TASK TO COMPLETE: Below are records; extract exactly the lines from the one containing "Memahami Proses Oksidasi pada Sepatu" through the last, both included, and keep the pictures out.
═════ INFORMATION SUPPLIED
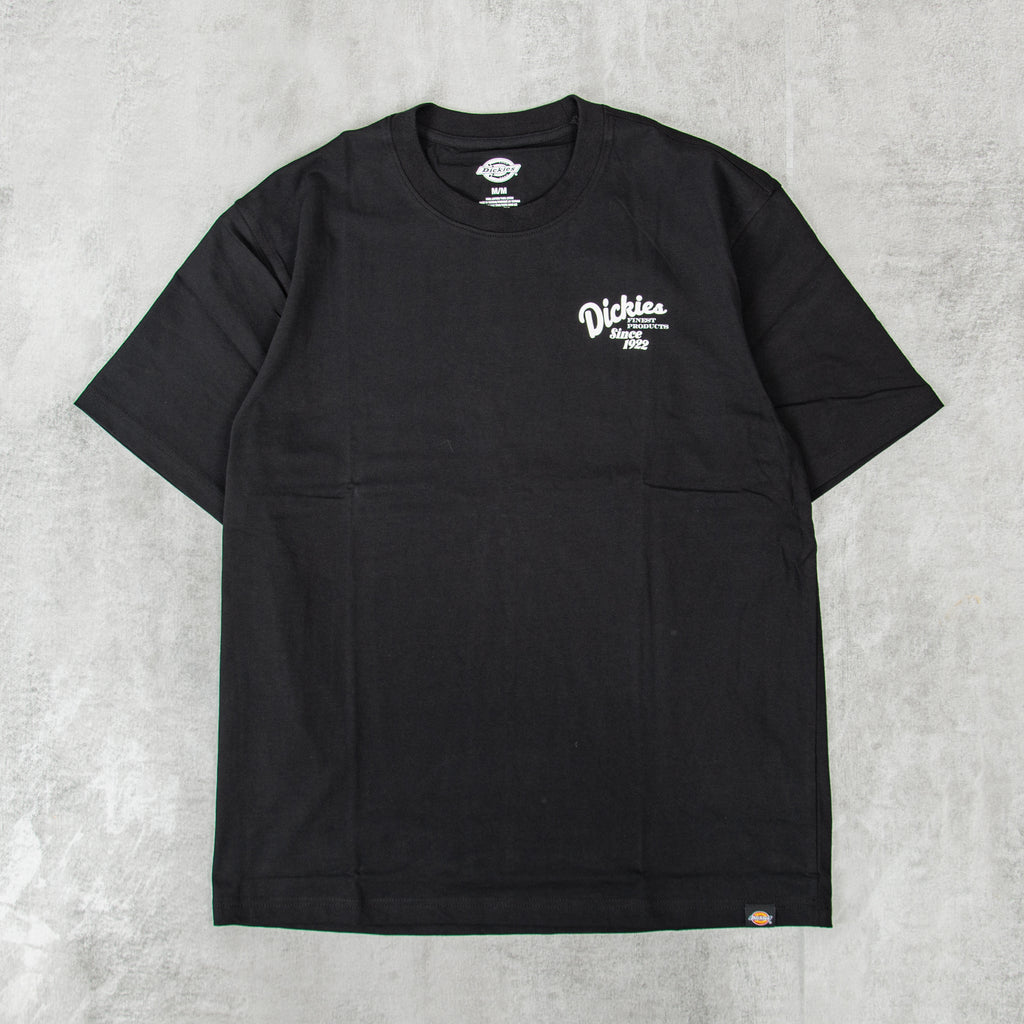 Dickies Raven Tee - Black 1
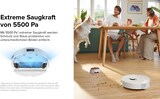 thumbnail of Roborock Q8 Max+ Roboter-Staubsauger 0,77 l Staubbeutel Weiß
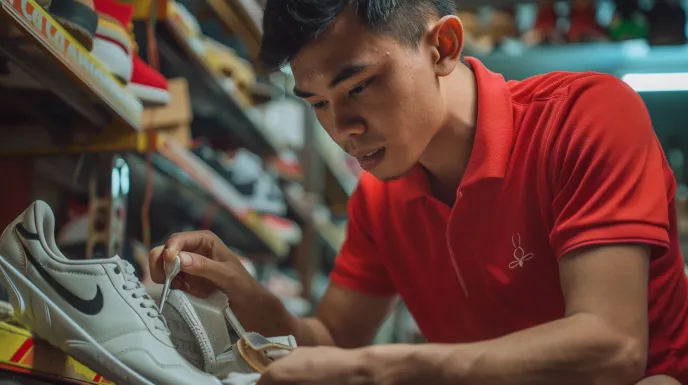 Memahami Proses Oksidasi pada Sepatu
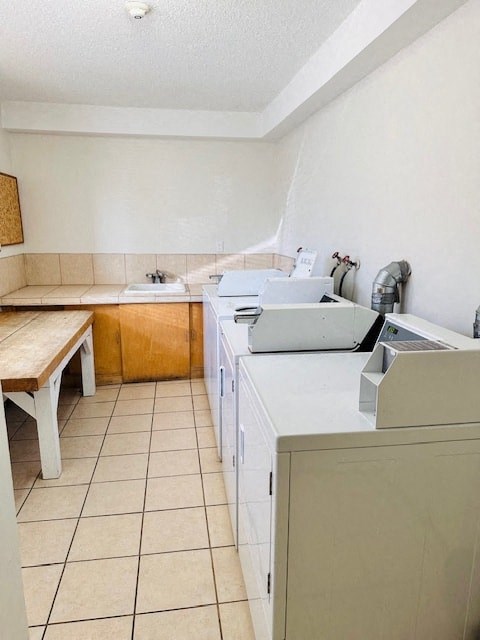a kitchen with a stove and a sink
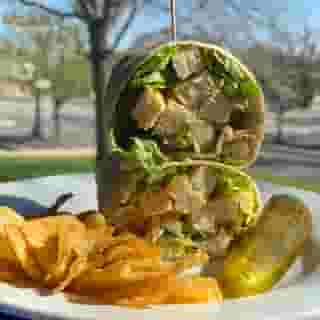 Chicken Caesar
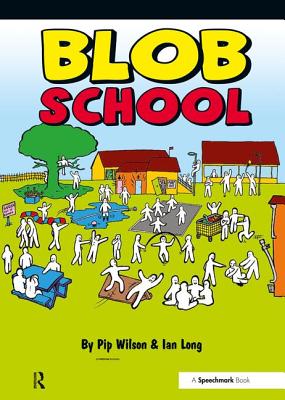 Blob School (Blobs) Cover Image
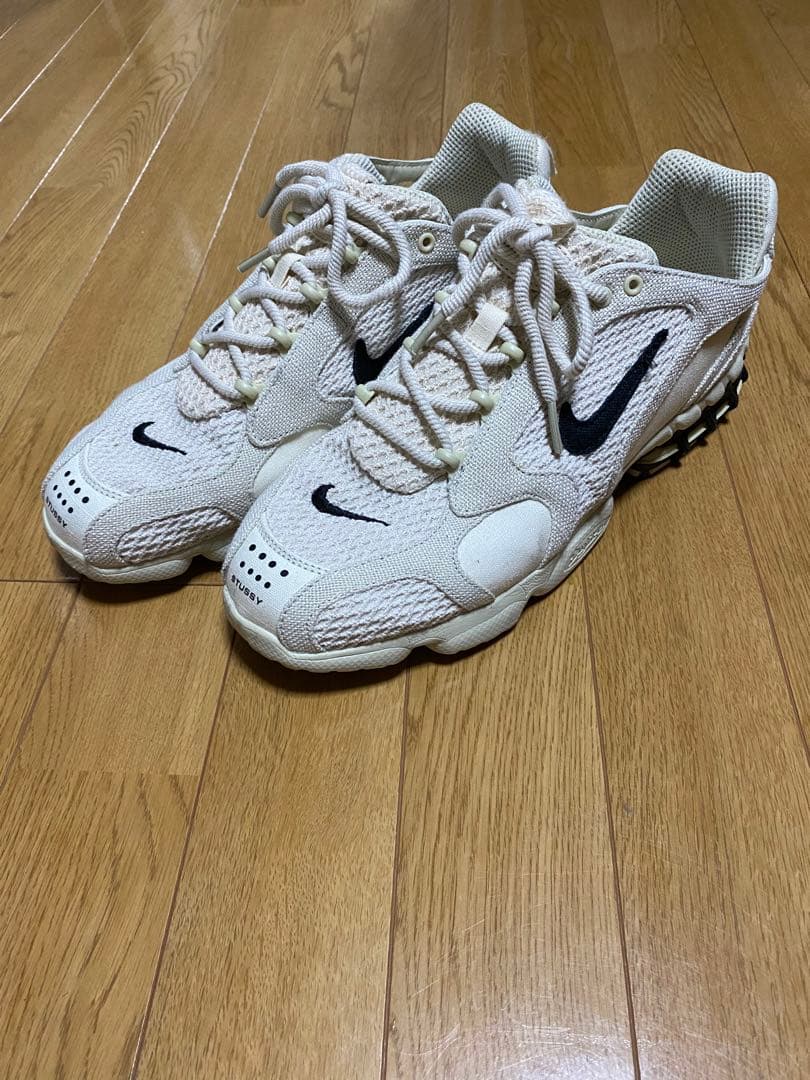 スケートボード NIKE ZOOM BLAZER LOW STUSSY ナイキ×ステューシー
══════════
EXERCISE RESPONSE:
 Memahami Proses Oksidasi pada Sepatu
a kitchen with a stove and a sink
 Chicken Caesar
 Blob School (Blobs) Cover Image
 スケートボード NIKE ZOOM BLAZER LOW STUSSY ナイキ×ステューシー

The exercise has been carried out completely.